The task: Reproduce, from the lines below, exactly the stretch that begins at the line containing "directly inspected in this case, (not always" and ends at the line containing "Planmeca Romexis® Smile", both included.
- Opening Delimiter -
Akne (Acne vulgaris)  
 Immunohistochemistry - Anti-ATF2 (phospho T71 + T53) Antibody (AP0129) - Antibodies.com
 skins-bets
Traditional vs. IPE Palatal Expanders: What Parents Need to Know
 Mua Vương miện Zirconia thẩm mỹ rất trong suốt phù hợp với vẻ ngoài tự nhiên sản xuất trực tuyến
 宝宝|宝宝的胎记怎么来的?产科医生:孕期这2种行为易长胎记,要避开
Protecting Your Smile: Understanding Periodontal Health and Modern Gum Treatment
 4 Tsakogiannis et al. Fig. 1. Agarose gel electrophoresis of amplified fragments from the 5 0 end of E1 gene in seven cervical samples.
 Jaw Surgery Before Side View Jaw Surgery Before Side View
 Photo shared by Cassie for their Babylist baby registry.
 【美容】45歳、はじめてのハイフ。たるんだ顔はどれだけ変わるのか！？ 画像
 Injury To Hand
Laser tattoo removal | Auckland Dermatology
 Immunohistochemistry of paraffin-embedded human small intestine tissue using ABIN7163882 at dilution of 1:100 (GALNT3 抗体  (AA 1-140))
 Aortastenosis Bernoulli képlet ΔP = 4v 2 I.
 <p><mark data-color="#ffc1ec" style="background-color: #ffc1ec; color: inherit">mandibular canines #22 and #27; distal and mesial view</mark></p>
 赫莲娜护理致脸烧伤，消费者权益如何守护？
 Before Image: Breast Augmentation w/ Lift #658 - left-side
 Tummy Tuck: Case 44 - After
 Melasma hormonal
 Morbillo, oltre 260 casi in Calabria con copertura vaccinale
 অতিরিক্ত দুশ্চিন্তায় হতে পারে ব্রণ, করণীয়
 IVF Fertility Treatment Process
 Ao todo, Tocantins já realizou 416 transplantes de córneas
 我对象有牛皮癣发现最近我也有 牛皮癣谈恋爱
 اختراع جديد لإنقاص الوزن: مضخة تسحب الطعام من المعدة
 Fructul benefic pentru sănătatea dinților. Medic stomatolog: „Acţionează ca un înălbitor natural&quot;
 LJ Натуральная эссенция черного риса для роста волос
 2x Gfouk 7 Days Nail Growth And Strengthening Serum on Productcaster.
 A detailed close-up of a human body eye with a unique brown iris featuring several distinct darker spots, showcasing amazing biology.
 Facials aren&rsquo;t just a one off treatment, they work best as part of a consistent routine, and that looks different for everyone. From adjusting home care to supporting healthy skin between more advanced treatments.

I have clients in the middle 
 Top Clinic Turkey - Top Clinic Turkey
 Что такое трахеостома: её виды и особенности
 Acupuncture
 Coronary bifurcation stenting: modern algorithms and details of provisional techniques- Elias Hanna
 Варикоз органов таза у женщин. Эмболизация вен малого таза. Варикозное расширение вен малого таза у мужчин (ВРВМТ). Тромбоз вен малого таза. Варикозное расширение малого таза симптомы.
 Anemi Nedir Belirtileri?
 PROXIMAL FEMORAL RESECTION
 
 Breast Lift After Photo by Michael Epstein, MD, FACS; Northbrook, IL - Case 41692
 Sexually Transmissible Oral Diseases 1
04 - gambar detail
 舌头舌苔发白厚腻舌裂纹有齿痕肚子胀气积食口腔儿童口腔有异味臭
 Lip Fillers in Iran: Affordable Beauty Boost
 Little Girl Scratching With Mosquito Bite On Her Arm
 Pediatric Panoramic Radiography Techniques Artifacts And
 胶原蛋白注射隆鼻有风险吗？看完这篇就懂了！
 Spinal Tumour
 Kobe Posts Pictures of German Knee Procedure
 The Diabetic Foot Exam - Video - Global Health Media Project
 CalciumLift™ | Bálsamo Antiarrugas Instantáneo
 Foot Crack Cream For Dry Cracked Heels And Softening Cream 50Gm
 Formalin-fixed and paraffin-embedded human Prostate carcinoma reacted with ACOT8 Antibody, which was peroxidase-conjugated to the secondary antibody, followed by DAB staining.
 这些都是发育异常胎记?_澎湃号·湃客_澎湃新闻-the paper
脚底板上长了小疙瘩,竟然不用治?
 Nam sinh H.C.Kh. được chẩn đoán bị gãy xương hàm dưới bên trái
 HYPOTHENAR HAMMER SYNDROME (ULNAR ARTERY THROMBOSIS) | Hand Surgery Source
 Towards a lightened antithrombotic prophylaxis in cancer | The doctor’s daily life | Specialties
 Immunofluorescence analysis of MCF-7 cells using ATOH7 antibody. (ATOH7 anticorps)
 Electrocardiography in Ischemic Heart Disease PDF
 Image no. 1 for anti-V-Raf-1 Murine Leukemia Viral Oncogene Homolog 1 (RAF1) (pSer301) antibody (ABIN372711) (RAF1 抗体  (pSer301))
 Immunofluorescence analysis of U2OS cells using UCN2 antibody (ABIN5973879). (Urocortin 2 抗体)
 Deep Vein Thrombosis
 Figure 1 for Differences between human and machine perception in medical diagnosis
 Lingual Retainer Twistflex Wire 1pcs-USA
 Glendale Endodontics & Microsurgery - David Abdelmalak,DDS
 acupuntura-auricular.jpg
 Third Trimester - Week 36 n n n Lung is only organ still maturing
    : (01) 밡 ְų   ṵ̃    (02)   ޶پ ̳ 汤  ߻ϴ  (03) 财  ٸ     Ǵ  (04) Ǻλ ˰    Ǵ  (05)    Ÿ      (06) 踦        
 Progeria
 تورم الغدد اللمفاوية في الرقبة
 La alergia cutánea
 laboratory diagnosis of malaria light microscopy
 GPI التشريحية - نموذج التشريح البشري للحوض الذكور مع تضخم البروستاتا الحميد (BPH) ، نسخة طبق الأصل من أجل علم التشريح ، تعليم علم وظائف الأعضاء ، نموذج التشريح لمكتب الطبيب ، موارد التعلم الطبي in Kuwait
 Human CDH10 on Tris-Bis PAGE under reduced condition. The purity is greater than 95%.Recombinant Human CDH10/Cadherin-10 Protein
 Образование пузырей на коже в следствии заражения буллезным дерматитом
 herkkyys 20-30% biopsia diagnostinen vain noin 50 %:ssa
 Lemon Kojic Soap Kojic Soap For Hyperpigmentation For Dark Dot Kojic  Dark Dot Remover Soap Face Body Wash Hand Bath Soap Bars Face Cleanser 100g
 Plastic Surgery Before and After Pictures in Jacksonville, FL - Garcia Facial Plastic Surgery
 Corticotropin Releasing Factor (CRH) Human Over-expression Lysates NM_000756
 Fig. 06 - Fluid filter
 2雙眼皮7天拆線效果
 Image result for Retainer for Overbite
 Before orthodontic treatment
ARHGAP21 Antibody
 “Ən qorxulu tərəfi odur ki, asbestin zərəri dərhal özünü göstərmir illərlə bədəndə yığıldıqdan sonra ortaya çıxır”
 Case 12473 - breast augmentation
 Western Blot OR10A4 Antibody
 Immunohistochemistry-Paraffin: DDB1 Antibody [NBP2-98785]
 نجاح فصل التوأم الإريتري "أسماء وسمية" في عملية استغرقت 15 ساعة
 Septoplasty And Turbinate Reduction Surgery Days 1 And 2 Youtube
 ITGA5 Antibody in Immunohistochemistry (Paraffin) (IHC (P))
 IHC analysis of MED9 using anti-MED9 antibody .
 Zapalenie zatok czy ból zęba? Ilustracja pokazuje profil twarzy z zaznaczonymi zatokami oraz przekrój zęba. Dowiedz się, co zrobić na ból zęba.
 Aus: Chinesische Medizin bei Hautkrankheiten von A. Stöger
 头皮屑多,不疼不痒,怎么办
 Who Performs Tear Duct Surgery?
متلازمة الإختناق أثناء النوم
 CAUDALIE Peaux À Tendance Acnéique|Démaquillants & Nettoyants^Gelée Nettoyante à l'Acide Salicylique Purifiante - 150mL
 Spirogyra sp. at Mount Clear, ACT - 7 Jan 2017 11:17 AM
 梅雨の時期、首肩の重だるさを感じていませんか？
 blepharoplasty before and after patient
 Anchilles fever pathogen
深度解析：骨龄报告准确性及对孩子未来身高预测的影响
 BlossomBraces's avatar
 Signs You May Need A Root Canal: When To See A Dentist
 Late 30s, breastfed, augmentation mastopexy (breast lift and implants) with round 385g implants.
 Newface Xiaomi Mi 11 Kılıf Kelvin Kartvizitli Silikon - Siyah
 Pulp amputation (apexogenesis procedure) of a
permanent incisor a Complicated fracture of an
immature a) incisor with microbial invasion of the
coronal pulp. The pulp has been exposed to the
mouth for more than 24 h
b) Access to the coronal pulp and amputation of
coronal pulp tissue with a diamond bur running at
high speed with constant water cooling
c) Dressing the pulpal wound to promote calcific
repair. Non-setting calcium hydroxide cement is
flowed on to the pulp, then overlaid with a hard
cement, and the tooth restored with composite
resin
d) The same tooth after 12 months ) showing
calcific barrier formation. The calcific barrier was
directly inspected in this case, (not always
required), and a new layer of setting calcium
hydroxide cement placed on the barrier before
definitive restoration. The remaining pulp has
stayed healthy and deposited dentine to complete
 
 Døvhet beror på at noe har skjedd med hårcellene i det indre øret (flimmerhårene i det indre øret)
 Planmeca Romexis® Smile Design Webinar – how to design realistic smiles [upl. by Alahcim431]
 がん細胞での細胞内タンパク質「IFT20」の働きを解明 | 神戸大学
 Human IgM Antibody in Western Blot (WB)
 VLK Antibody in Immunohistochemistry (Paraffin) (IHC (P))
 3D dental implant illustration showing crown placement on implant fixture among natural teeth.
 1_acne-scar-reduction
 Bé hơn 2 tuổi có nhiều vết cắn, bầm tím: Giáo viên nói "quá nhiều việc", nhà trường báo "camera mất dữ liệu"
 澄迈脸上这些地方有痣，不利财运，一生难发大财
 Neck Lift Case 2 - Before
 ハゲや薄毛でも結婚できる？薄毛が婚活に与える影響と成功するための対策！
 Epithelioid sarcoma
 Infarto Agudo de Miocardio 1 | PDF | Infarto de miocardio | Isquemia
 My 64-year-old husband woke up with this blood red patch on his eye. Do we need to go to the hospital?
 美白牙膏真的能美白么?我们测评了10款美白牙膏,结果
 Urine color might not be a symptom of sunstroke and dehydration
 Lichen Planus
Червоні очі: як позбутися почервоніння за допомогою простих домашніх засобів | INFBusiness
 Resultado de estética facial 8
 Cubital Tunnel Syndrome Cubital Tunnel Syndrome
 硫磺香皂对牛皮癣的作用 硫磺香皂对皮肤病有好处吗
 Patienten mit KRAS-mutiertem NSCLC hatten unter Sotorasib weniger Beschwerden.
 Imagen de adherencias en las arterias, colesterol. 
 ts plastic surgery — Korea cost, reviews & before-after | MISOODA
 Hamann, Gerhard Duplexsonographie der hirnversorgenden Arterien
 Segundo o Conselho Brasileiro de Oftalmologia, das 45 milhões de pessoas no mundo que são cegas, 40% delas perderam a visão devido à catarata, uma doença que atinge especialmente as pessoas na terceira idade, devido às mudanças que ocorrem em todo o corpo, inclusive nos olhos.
- Closing Delimiter -
Result of this task:
directly inspected in this case, (not always
required), and a new layer of setting calcium
hydroxide cement placed on the barrier before
definitive restoration. The remaining pulp has
stayed healthy and deposited dentine to complete
 
 Døvhet beror på at noe har skjedd med hårcellene i det indre øret (flimmerhårene i det indre øret)
 Planmeca Romexis® Smile Design Webinar – how to design realistic smiles [upl. by Alahcim431]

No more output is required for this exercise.